Que ce soit donc le dessein bien arrêté et le but sérieux de tous ceux qui annoncent la Parole et qui présentent la doctrine, de se nourrir de la précieuse vérité de Dieu, de se l'approprier, de vivre et de se mouvoir dans son atmosphère, de sorte que leur homme intérieur soit fortifié et formé par elle, qu'elle habite richement en eux, et qu'ainsi elle puisse couler au dehors vers les autres avec sa puissance vivante, sa saveur, son onction et sa plénitude.
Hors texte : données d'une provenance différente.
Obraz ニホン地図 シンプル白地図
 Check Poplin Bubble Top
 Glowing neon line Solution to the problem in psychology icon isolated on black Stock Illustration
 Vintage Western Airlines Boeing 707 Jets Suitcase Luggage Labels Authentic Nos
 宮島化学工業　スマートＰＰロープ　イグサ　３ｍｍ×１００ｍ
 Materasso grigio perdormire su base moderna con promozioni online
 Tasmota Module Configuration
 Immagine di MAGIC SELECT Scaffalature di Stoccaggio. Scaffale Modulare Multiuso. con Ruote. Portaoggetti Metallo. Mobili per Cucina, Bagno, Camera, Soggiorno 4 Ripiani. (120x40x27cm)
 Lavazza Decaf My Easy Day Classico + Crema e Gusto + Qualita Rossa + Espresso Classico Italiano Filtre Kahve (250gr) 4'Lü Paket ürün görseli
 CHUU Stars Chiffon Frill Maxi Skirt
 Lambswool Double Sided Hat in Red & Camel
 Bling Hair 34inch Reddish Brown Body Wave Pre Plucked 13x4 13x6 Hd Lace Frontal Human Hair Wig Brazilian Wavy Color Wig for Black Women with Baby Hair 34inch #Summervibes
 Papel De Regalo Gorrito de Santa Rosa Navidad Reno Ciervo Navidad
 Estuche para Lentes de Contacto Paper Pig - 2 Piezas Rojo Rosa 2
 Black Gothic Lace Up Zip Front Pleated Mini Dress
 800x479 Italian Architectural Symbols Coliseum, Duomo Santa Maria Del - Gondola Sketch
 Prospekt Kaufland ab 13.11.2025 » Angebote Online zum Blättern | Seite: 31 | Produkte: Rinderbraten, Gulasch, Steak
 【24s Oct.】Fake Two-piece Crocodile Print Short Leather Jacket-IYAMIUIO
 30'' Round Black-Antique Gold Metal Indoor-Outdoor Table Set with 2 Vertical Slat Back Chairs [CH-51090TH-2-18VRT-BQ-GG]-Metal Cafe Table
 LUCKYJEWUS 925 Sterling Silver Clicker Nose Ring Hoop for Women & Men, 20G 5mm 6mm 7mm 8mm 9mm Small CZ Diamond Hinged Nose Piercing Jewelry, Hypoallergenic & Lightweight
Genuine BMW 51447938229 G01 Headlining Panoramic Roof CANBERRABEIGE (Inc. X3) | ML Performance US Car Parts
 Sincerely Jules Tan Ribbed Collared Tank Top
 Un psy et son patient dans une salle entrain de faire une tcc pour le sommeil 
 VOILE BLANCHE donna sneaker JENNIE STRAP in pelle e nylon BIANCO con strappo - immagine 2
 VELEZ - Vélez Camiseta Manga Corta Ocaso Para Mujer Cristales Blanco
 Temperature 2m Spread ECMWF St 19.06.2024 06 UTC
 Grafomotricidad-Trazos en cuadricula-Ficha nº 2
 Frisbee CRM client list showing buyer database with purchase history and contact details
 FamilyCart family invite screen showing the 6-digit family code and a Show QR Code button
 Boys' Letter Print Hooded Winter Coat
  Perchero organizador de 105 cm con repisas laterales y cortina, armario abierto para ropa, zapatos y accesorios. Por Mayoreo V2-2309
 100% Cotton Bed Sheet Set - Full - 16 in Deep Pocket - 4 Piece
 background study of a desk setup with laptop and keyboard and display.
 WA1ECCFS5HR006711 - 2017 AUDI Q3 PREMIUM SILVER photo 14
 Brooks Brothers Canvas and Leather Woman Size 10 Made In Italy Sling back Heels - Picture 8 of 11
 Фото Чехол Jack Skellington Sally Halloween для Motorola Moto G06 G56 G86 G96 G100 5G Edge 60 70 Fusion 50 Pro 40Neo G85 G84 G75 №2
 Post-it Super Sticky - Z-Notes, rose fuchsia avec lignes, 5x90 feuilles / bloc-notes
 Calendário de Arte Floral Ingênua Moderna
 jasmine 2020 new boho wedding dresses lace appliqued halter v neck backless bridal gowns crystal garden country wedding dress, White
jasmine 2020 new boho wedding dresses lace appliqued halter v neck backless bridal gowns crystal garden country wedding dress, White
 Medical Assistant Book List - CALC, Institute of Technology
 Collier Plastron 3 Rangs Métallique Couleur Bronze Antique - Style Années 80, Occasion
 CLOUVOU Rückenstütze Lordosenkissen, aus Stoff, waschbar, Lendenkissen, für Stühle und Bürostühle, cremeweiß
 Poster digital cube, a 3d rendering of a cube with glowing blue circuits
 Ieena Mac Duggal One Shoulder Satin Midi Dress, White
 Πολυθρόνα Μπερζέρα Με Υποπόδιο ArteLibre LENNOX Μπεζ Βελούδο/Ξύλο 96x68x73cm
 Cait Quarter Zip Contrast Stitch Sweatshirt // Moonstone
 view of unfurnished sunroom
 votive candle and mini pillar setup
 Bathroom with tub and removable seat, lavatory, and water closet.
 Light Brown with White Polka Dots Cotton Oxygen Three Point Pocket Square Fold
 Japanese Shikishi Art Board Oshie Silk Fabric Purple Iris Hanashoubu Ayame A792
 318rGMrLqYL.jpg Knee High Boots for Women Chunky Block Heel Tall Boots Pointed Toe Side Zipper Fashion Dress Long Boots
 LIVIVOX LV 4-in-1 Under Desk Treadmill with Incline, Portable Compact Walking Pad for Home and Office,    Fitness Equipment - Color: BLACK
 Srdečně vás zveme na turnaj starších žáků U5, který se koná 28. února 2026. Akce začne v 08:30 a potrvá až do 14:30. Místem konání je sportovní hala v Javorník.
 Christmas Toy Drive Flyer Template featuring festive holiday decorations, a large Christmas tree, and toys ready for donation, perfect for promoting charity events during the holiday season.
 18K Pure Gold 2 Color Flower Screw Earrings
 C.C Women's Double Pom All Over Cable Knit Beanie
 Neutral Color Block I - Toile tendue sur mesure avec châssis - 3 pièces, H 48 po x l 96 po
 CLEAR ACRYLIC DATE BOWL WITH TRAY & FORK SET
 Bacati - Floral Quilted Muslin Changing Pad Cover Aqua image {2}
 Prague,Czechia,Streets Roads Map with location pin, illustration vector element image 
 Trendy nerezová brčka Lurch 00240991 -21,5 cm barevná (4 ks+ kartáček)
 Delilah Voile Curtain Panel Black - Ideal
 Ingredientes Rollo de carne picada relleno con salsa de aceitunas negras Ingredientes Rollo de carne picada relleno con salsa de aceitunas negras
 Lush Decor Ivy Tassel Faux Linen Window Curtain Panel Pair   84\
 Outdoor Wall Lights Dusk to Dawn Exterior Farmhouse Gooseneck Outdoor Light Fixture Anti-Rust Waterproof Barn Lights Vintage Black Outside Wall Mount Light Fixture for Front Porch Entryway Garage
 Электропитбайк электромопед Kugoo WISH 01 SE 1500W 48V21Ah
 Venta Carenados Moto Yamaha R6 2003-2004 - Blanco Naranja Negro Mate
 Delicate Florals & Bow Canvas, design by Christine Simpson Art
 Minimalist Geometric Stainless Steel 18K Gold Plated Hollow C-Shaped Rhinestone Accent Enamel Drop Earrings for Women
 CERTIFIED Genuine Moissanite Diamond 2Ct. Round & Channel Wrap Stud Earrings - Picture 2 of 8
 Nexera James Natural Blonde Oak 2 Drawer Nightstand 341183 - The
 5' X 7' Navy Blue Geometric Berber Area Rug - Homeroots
C'est une très pauvre chose, et même une chose fort dangereuse, que de se mettre à étudier la parole de Dieu simplement dans le but de préparer des conférences ou des sermons à débiter aux autres. Rien ne saurait être plus mortel ou plus desséchant pour l'âme. S'occuper de la vérité de Dieu seulement dans son intelligence, accumuler dans sa mémoire certaines doctrines, certaines vues et certains principes, et ensuite les produire au dehors avec quelque facilité de parole, est à la fois démoralisant et trompeur. Nous pourrions puiser de l'eau pour les autres, et n'être tout le temps nous-mêmes que des conduits couverts de rouille. Rien de plus triste que cela. «Si quelqu'un a soif, qu'il vienne à moi et qu'il boive», dit le Seigneur. Il ne dit pas qu'il puise. La vraie source et la puissance de tout ministère dans l'Eglise, sera toujours de nous abreuver nous-mêmes à l'eau vivifiante, et non d'en puiser pour les autres. «Celui qui croit en moi, selon ce que dit l'Ecriture, des fleuves d'eau vive couleront de son ventre», dit encore Jésus (Jean 7: 37, 38). Il nous faut demeurer tout près de la fontaine éternelle, le coeur de Christ, et y boire à longs traits et continuellement. Ainsi nos propres âmes seront rafraîchies et enrichies; des fleuves de bénédiction en couleront pour le rafraîchissement d'autres, et des flots de louanges monteront au trône et au coeur de Dieu par Jésus Christ. C'est là le ministère chrétien — c'est le christianisme même: toute autre chose est absolument sans valeur.

 

Arrêtons-nous maintenant un moment sur le second point de notre sujet; je veux dire la doctrine ou l'enseignement, car ce dernier mot donne la vraie portée de l'original. Combien de choses s'y trouvent renfermées! «Sois attentif à l'enseignement». Sérieux avertissement qui montre le soin et la sainte vigilance à apporter à l'enseignement par ceux a qui Dieu confie ce ministère. Dans quel esprit sérieux de prière et de constante attente à Dieu, dans quelle dépendance de lui ne faut-il pas demeurer pour savoir ce qu'il y a à dire et la manière de le dire! Dieu seul connaît l'état et le besoin des âmes. Nous ne savons pas ce qu'il leur faut. Nous pourrions offrir «la nourriture solide» à ceux qui ne sont capables de supporter autre chose que «le lait», et ainsi ne faire que du mal. «Si quelqu'un parle», dit l'apôtre, «qu'il le fasse comme oracle de Dieu». Il ne dit pas «selon les oracles de Dieu». Un homme peut se lever dans l'assemblée et parler pendant une heure, chacune de ses paroles étant en strict accord avec la lettre de l'Ecriture, et cependant n'avoir pas du tout parlé comme oracle de Dieu — comme étant l'organe de Dieu. Il peut avoir présenté la vérité, mais non la vérité nécessaire à ce moment.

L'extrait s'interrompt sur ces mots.